转载自:
http://blog.fens.me/hadoop-hive-intro/
本人根据实际情况稍微做了一些改编。
让Hadoop跑在云端系列文章,介绍了如何整合虚拟化和Hadoop,让Hadoop集群跑在VPS虚拟主机上,通过云向用户提供存储和计算的服务。
现在硬件越来越便宜,一台非品牌服务器,2颗24核CPU,配48G内存,2T的硬盘,已经降到2万块人民币以下了。这种配置如果简单地放几个web应用,显然是奢侈的浪费。就算是用来实现单节点的hadoop,对计算资源浪费也是非常高的。对于这么高性能的计算机,如何有效利用计算资源,就成为成本控制的一项重要议题了。

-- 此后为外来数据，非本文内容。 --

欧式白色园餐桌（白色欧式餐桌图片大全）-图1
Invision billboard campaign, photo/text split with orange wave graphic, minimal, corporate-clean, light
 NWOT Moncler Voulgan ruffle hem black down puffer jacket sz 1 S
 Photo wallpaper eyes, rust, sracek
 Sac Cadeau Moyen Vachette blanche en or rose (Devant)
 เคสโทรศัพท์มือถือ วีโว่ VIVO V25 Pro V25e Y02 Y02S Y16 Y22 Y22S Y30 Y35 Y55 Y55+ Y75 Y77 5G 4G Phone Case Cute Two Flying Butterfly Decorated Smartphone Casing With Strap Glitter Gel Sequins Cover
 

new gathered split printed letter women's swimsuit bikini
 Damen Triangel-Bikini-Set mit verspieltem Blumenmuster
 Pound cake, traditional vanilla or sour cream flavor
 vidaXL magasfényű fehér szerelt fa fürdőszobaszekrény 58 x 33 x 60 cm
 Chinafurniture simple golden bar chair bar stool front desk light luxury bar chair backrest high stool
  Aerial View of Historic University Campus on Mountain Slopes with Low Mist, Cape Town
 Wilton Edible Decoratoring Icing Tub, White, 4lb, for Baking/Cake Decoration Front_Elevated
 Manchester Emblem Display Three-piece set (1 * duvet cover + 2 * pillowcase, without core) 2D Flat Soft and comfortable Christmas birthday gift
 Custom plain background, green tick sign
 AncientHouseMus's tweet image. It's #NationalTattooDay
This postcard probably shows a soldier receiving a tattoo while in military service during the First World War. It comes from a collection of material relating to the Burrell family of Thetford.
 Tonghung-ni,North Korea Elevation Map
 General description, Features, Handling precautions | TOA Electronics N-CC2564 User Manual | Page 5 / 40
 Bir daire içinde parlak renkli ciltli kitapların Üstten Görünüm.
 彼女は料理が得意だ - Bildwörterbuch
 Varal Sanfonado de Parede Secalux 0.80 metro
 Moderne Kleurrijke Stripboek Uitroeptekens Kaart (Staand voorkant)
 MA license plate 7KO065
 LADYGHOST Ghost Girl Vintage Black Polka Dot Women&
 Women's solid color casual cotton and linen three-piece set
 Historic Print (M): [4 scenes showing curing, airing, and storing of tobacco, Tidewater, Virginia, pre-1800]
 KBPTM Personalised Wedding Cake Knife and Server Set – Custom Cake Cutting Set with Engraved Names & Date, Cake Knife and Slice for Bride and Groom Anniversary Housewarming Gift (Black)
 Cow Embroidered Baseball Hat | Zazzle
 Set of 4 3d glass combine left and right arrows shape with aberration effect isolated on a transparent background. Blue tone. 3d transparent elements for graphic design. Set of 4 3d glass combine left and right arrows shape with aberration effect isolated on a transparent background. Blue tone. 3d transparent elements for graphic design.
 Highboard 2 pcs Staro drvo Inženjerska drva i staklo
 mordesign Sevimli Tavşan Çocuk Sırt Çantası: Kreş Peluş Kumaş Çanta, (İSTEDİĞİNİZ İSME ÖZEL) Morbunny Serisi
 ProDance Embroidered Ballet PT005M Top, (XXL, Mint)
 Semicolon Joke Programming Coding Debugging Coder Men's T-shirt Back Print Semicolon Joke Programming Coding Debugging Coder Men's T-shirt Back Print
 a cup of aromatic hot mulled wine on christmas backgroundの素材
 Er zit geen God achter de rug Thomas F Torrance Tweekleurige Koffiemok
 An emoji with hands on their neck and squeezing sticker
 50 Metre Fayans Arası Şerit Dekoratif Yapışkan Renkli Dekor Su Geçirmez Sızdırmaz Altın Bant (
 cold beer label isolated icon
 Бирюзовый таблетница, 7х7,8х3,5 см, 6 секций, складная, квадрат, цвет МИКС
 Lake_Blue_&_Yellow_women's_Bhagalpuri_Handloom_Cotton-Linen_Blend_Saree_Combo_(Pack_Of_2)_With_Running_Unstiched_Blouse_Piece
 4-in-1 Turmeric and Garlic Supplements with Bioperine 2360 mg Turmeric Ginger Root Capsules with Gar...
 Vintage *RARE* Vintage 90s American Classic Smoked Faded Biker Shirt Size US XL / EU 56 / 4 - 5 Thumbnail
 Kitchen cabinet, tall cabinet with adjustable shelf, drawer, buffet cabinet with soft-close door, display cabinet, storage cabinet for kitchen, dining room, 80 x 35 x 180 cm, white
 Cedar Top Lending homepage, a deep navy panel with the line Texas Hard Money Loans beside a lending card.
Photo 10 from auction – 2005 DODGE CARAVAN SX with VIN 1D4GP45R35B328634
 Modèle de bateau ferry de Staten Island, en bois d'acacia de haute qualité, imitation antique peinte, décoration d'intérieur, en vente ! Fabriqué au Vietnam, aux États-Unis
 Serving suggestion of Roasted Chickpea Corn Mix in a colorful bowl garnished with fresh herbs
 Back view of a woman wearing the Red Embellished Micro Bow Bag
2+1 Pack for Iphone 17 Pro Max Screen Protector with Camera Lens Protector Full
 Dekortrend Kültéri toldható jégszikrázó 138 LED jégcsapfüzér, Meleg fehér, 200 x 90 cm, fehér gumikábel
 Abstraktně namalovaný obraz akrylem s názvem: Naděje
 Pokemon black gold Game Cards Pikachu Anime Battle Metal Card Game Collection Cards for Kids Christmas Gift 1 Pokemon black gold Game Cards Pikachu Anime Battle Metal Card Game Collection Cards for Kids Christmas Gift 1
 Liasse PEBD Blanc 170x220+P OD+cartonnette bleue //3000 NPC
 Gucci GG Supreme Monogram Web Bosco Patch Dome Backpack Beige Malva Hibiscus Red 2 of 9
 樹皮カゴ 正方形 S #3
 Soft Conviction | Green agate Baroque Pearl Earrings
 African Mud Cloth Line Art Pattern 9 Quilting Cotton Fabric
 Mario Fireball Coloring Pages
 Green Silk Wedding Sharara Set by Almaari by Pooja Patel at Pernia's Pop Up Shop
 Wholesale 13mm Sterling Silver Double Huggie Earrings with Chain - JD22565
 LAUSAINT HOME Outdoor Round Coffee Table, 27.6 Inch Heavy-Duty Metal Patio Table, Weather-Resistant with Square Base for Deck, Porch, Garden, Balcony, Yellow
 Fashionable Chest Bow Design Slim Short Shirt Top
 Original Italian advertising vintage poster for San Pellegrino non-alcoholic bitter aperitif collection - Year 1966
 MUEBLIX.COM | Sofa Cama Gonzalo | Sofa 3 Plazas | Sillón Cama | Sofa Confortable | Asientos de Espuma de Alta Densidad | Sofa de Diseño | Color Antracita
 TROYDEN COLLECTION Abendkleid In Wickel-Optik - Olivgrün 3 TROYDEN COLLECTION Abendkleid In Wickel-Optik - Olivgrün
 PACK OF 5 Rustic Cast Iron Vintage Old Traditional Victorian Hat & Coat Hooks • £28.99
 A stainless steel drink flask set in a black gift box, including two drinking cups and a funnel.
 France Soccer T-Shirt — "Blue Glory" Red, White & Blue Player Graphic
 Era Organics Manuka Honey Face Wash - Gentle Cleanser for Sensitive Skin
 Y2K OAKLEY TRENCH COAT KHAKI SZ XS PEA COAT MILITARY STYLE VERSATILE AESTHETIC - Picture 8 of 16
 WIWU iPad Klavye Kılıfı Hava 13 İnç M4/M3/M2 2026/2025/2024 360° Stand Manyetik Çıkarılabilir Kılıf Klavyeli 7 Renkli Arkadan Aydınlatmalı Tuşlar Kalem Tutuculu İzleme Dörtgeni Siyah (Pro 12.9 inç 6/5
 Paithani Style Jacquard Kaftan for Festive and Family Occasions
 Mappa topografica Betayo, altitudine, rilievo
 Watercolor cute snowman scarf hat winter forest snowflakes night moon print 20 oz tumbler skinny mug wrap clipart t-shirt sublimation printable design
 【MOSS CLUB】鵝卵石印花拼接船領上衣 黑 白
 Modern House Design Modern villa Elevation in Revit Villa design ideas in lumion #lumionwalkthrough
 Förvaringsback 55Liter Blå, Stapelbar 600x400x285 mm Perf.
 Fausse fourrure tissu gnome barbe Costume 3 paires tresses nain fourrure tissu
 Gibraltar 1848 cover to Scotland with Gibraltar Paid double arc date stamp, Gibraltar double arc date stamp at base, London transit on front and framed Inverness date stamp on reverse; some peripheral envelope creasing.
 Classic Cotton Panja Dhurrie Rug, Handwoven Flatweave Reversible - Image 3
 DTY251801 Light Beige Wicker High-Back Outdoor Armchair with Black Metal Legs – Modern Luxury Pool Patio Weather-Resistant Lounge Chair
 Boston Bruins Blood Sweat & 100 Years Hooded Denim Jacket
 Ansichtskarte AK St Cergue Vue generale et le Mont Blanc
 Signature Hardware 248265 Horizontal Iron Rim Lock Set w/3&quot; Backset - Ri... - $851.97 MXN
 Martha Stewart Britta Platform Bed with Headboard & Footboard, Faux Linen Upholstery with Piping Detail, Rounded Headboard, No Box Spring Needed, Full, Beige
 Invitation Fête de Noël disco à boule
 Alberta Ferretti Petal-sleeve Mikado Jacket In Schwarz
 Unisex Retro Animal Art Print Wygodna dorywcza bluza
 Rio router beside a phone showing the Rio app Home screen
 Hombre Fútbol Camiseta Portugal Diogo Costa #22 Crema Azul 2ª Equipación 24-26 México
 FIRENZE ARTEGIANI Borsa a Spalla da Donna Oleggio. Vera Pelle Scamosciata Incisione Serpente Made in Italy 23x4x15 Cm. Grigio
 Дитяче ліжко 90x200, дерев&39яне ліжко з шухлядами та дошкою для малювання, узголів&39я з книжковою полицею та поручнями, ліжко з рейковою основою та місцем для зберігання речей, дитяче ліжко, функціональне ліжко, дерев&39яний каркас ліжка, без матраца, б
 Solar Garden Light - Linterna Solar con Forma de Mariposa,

通过虚拟化技术,我们可以将一台服务器,拆分成12台VPS,每台2核CPU,4G内存,40G硬盘,并且支持资源重新分配。多么伟大的技术啊!现在我们有了12个节点的hadoop集群, 让Hadoop跑在云端,让世界加速。
关于作者:
- 张丹(Conan), 程序员Java,R,PHP,Javascript
- weibo:@Conan_Z
- blog: http://blog.fens.me
- email: bsspirit@gmail.com
转载请注明出处:
http://blog.fens.me/hadoop-hive-intro/
前言
Hive是Hadoop一个程序接口,Hive让数据分析人员快速上手,Hive使用了类SQL的语法,Hive让JAVA的世界变得简单而轻巧,Hive让Hadoop普及到了程序员以外的人。
从Hive开始,让分析师们也能玩转大数据。
目录
- Hive的安装
- Hive的hwi安装
- Hive的基本使用:CRUD
- Hive交互式模式
- 数据导入
- 数据导出
- Hive查询HiveQL
- Hive视图
- Hive分区表
1. Hive的安装
系统环境
装好hadoop的环境后,我们可以把Hive装在namenode机器上(c1)。
hadoop的环境,请参考:让Hadoop跑在云端系列文章,RHadoop实践系列之一:Hadoop环境搭建
下载: hive-0.9.0.tar.gz
解压到: /home/cos/toolkit/hive-0.9.0
hive配置
~ cd /home/cos/toolkit/hive-0.9.0
~ cp hive-default.xml.template hive-site.xml
~ cp hive-log4j.properties.template hive-log4j.properties
修改hive-site.xml配置文件
把Hive的元数据存储到MySQL中
~ vi conf/hive-site.xml
<property>
<name>javax.jdo.option.ConnectionURL</name>
<value>jdbc:mysql://localhost:3306/hive_metadata?createDatabaseIfNotExist=true</value>
<description>JDBC connect string for a JDBC metastore</description>
</property>
<property>
<name>javax.jdo.option.ConnectionDriverName</name>
<value>com.mysql.jdbc.Driver</value>
<description>Driver class name for a JDBC metastore</description>
</property>
<property>
<name>javax.jdo.option.ConnectionUserName</name>
<value>hive</value>
<description>username to use against metastore database</description>
</property>
<property>
<name>javax.jdo.option.ConnectionPassword</name>
<value>hive</value>
<description>password to use against metastore database</description>
</property>
<property>
<name>hive.metastore.warehouse.dir</name>
<value>/user/hive/warehouse</value>
<description>location of default database for the warehouse</description>
</property>
这里选择的是单机的部署方式,即mysql跟hive是安装在同一台机器上的,当然也可以将mysql安装在另一台机器上,然后通过远程连接的方式操作,但是本人再实践的时候总出现一些奇怪的错误,后面也就放弃尝试了。装在单机上的话,直接配置localhost就可以了。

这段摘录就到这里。